CI runner contract
CI runner contract
Section titled “CI runner contract”Self-hosted labels (default)
Section titled “Self-hosted labels (default)”| Profile | runs-on |
|---|---|
| Basic Linux | [self-hosted, linux, x64] |
| Docker / Buildx | [self-hosted, linux, x64, docker] |
| Playwright / browser | [self-hosted, linux, x64, browser] |
| GPU / Mens train | [self-hosted, linux, x64, gpu] |
Machines registered with linux, docker, browser, and gpu are distinct capacity pools, but each host still runs the same GitHub Actions Runner application version (the actions-runner service). Upgrade every self-hosted runner that serves this repository—not only the “basic” pool—when the runner app falls below the version floor below.
Actions Runner application version (self-hosted)
Section titled “Actions Runner application version (self-hosted)”Upstream JavaScript actions in this repo (for example actions/checkout@v6, actions/cache@v5, actions/setup-node@v6, Docker’s docker/*-action@v4+) use the Node.js 24 Actions runtime where documented by each action release. GitHub documents a minimum Actions Runner version of v2.327.1 for that runtime on self-hosted agents (see the Actions Runner v2.327.1 release and each action’s README).
Operator checklist
- Keep
actions-runnerat v2.327.1 or newer on all self-hosted hosts (basic, docker, browser, and gpu pools). - Confirm from a job log line such as “Current runner version: ’…’” at the start of a step, or upgrade proactively from actions/runner releases.
- GitHub-hosted images (
ubuntu-latest,windows-latest,macos-latest) are updated by GitHub; this requirement applies to self-managed fleets only.
If a runner is too old, jobs fail early when invoking Node 24–based actions, or GitHub emits deprecation notices for obsolete Node runtimes—see GitHub’s Actions runner changelog for the Node 20 deprecation timeline.
GitHub-hosted exceptions
Section titled “GitHub-hosted exceptions”Use ubuntu-latest, windows-latest, or macos-latest only where documented — see GitHub-hosted exceptions.
Workspace root manifest (fix forward)
Section titled “Workspace root manifest (fix forward)”Do not depend on git history to recover the root Cargo.toml. SSOT and repair steps: workspace root manifest. Verify resolution with vox ci manifest (CI runs this via cargo run -p vox-cli --quiet -- ci manifest).

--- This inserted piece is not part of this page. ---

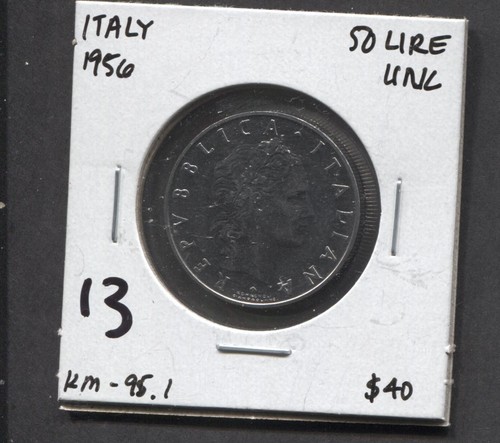 1956 italy lire unc 95 - 1956-italy-50, lire-unc-km-95.1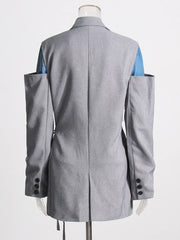 Cutout-Sleeve Longline Blazer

Agent / local terminal vs CI shell
Section titled “Agent / local terminal vs CI shell”- CI jobs in this repository are largely Linux self-hosted and use
bashfor workflow steps unless a job setsshell: pwsh(see individual workflows). That is a runner convenience, not a contradiction of contributor policy. - Local work and coding agents should prefer PowerShell 7 (
pwsh) on any OS when it is installed, consistent withAGENTS.mdand machine-checked terminal policy (vox shell check,contracts/terminal/exec-policy.v1.yaml).
Canonical vox ci vs shell scripts
Section titled “Canonical vox ci vs shell scripts”Guard logic lives in vox ci (crates/vox-cli/src/commands/ci). Shell scripts under scripts/ are optional thin delegates for local POSIX ergonomics; prefer vox ci … when the vox binary is on PATH. Mapping table: scripts/README.md. Machine-readable registry: docs/agents/script-registry.json.
Pre-push validation (Linux CI mirror)
Section titled “Pre-push validation (Linux CI mirror)”Use vox ci pre-push to run the merge-blocking subset locally. It always runs cargo fmt --check, vox ci line-endings, vox ci ssot-drift, vox-doc-pipeline --lint-only (frontmatter + fenced code), vox ci doctest-md --strict, and vox-drift-check so a green pre-push matches the docs-quality CI lane. Unless --quick, it also runs vox ci doc-inventory verify, workspace cargo clippy --all-targets -D warnings, and scoped TOESTUB on changed crates/<name> paths. --quick skips only doc-inventory, clippy, and TOESTUB — not the doc lint / doctest-md / drift steps (see local CI parity for accurate wall-clock expectations).
--full appends workspace cargo nextest run --workspace --profile ci --no-fail-fast, matching the ci nextest profile in .config/nextest.toml (same choice as GitHub ci.yml when running plain nextest / llvm-cov nextest).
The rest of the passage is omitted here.